RGI 7.0 — NASA Earthdata credential flow¶
RGI 7.0 glacier outlines are distributed by NSIDC behind Earthdata Login.
CAS fetches with your credentials (it is your download agent; credentials
are never written to the manifest or logged). The redirect dance —
daacdata.apps.nsidc.org → urs.earthdata.nasa.gov → back with an auth code —
is walked explicitly; a bearer token rides every hop, while Basic credentials
are applied only on the URS host.
Provide credentials by any one of (precedence order):
$ export EARTHDATA_TOKEN=<token> # URS → My Profile → Generate Token
# or ~/.netrc: machine urs.earthdata.nasa.gov login <user> password <pass>
# or: export EARTHDATA_USERNAME=<user> EARTHDATA_PASSWORD=<pass>
Without credentials a sync/subset fails with an actionable MirrorAuthError
(where to register at https://urs.earthdata.nasa.gov/users/new, where
credentials go). RGI 7.0 has 19 first-order regions (units 01–19);
the bbox→region table lives in cas.mirror.units. Rasterization and HRU
intersection stay in the consumer (SYMFLUENCE).
import cas
# Iceland domain — pulls only region 06 (~2.3 MB), CC-BY 4.0
result = cas.mirror_subset_sync("rgi7", bbox=(-25, 63, -13, 67), output_dir="/tmp/rgi")
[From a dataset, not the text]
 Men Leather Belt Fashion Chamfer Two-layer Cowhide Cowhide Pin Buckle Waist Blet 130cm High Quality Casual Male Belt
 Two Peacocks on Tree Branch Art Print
Stats over a mirror — GLHYMPS extract()¶
A mirror-backed dataset can also serve zonal statistics through the normal
extraction engine (cas.extract / extract_sync / batch), not just
mirror_subset. GLHYMPS is the motivating case: its old HTTP connector was
disabled (pygeoglim's real API is CONUS-only), and the mirror resurrects it
with global coverage.
import cas
req = cas.AttributeRequest(
geometry={"type": "Polygon", "coordinates": [[[7, 45], [11, 45], [11, 47], [7, 47], [7, 45]]]},
dataset_ids=["glhymps:permeability", "glhymps:porosity"],
)
resp = cas.extract_sync(req)
for r in resp.results:
print(r.dataset_id, r.value, r.units, r.coverage_fraction)
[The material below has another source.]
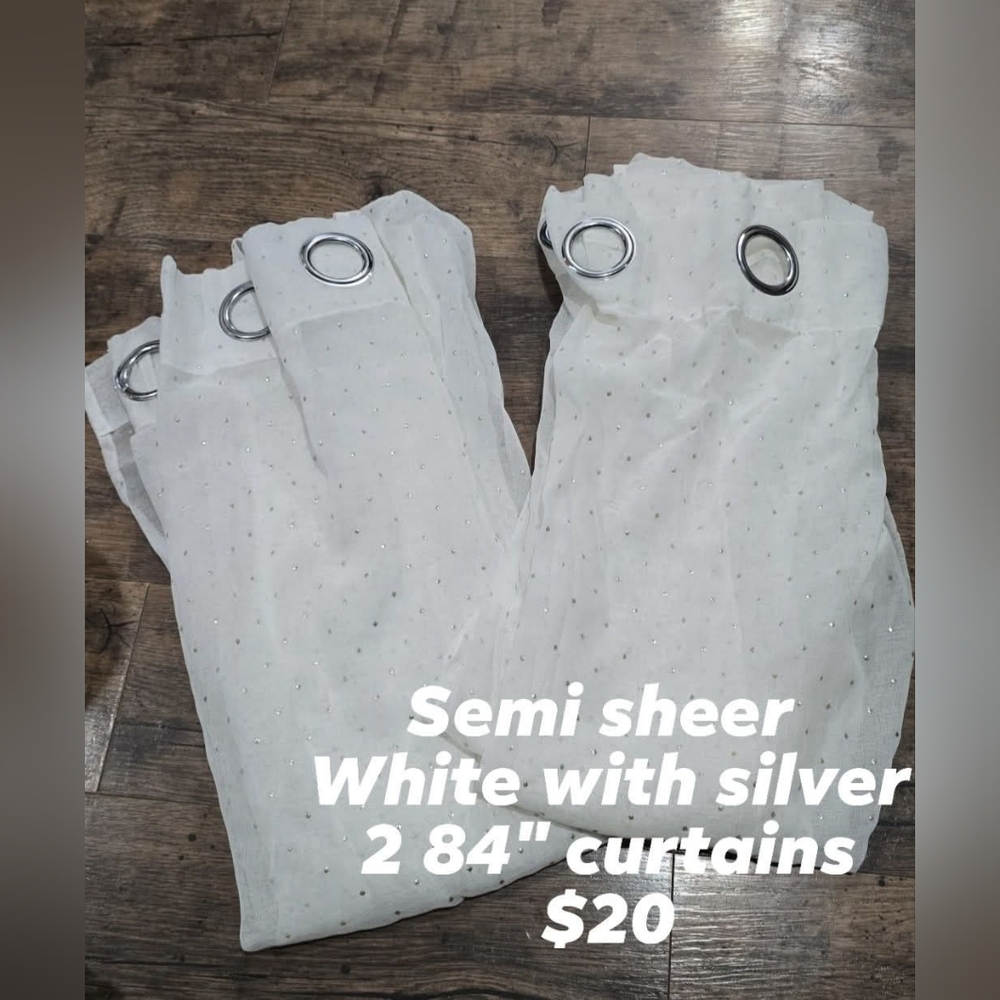 Semi sheer curtains set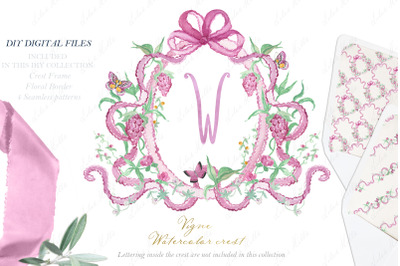 Wedding Family Crest DIY Burgundy Grape Digital papers Watercolor Clip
glhymps:permeability (column logK_Ice), glhymps:permeability_permafrost_free
(logK_Ferr) and glhymps:porosity (Porosity) are area-weighted means
over the query polygon. GLHYMPS's source CRS is already World Cylindrical
Equal Area, so intersection areas are measured directly in the layer CRS (the
generic path reprojects to an equal-area CRS centred on the query).
coverage_fraction is the intersected-area fraction — the honest "how much of
your polygon the mirror covered" signal; a query off coverage returns
MISSING. A point query returns the value of the covering polygon. The first
call lazily materializes the GLHYMPS mirror (a multi-GB download); pre-stage
with cas mirror sync glhymps on a networked node.
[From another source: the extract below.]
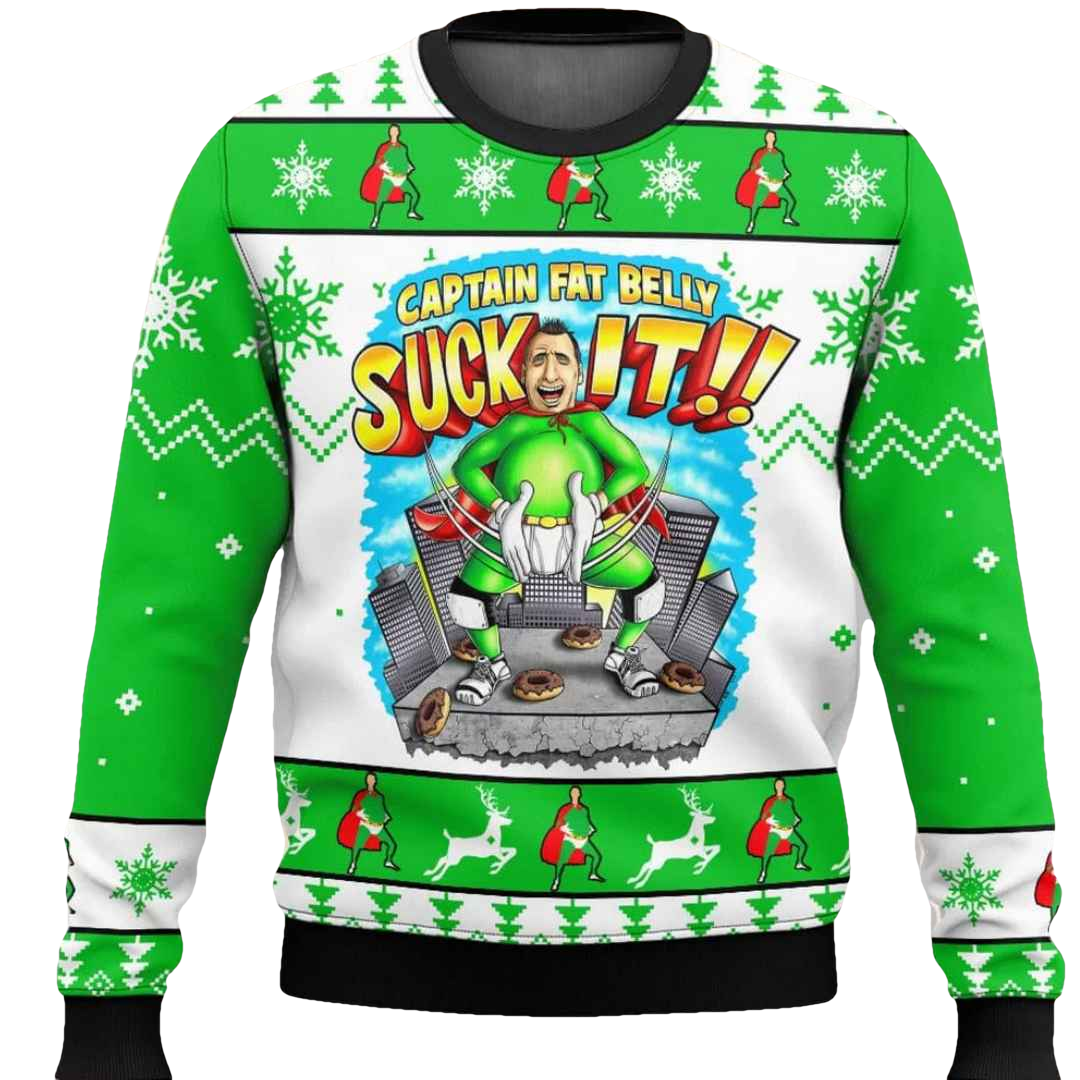 Captain Fat Belly Suck It Ugly Christmas Sweater - Moonbestprint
Mirror-backed connectors report manifest-integrity health, never a network probe (design §5): HEALTHY when the mirror is materialized and intact, DEGRADED when not yet synced ("not synced" is not an outage), DOWN on an integrity failure. The scheduled Provider Health Check and the reachability sweep both skip mirror connectors' (non-existent) network endpoints.
Geofabrics — path delivery, not subsetting¶
Geofabrics (river-network + catchment topology) follow a different contract
from attribute vectors. CAS materializes topology-complete versioned units
and delivers verified local paths — it never bbox-clips them. A bbox cannot
guarantee upstream closure, so clipping a geofabric before the consumer's
upstream-trace would silently truncate drainage area (a correctness
regression). The trace itself (NetworkX ancestors; the NWS network table)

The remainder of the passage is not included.